Celui-ci fait souvent preuve d’une irritation viscérale. Après avoir menacé d’« écraser comme des mouches » ses anciens compagnons d’armes, il a exprimé un très martial : « Ceux qui veulent la guerre, ils auront la guerre » quand, début août, Karegeya a appelé ses compatriotes à le renverser en l’accusant d’être un dictateur. D’ailleurs, parmi les épisodes récents non élucidés – dans lesquels certains voient la main de l’État –, le meurtre d’un journaliste et d’un opposant, et la tentative d’assassinat de Kayumba à Johannesburg, c’est ce dernier qui laisse planer les doutes majeurs sur le rôle des autorités. Un responsable des renseignements rwandais a été indiqué comme en étant le commanditaire pendant les investigations. Selon des sources de la sous-région, d’autres membres du renseignement de Kigali sont impliqués dans l’assassinat de l’historien congolais Ntare Semadwinga, ancien dirigeant du mouvement du chef rebelle congolais, le général tutsi Laurent Nkunda, retenu en captivité au Rwanda. Ce crime au Rwanda, passé sous silence par toute la presse internationale, s’expliquerait par la crainte d’un ralliement des fidèles de Nkunda au groupe de Kayumba et Karegeya.
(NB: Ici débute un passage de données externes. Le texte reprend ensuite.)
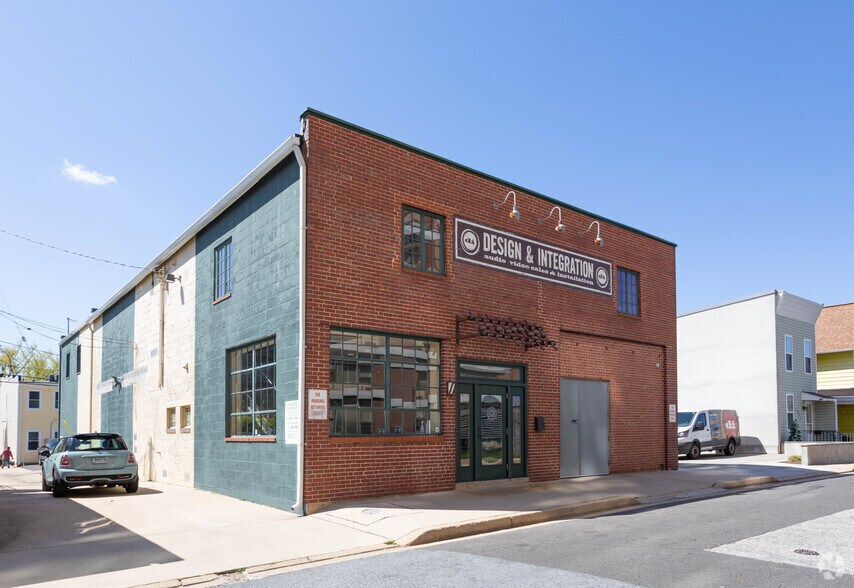 Primary Photo Of 1001 Rectory Ln, Baltimore Warehouse For Sale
Le premier en particulier garde une assise importante parmi les Forces de défense rwandaises et auprès des Tutsi de l’intérieur rescapés du génocide.
Les proches du chef de l’État ont battu campagne pour démentir l’implication du gouvernement dans les meurtres d’opposants, en brandissant les avancées en matière économique face aux critiques de « déficit démocratique » adressées depuis l’étranger. L’urgence sécuritaire comme fondement de l’unité nationale, de la stabilité politique et du développement a été constamment évoquée pour justifier l’équation autoritaire dans les conditions très particulières d’un pays reconstruit après la tragédie de 1994. En signe de bonne volonté, le ministre de la Justice a proposé aux ONG des droits de l’homme de suggérer des correctifs à la loi de 2008, qui punit l’idéologie du génocide, pour en éviter un usage liberticide.
Mais un défi majeur attend le président nouvellement réélu. L’ouverture d’un espace de dialogue avec les voix discordantes s’impose autant dans la société qu’aux différents échelons du pouvoir. C’est un enjeu à affronter avec un esprit visionnaire, car on connaît au Rwanda les risques de la « parole enfermée ». C’est peut-être aussi un choix obligé face aux dangers, très réels, qui menacent le pays et peut-être la sous-région.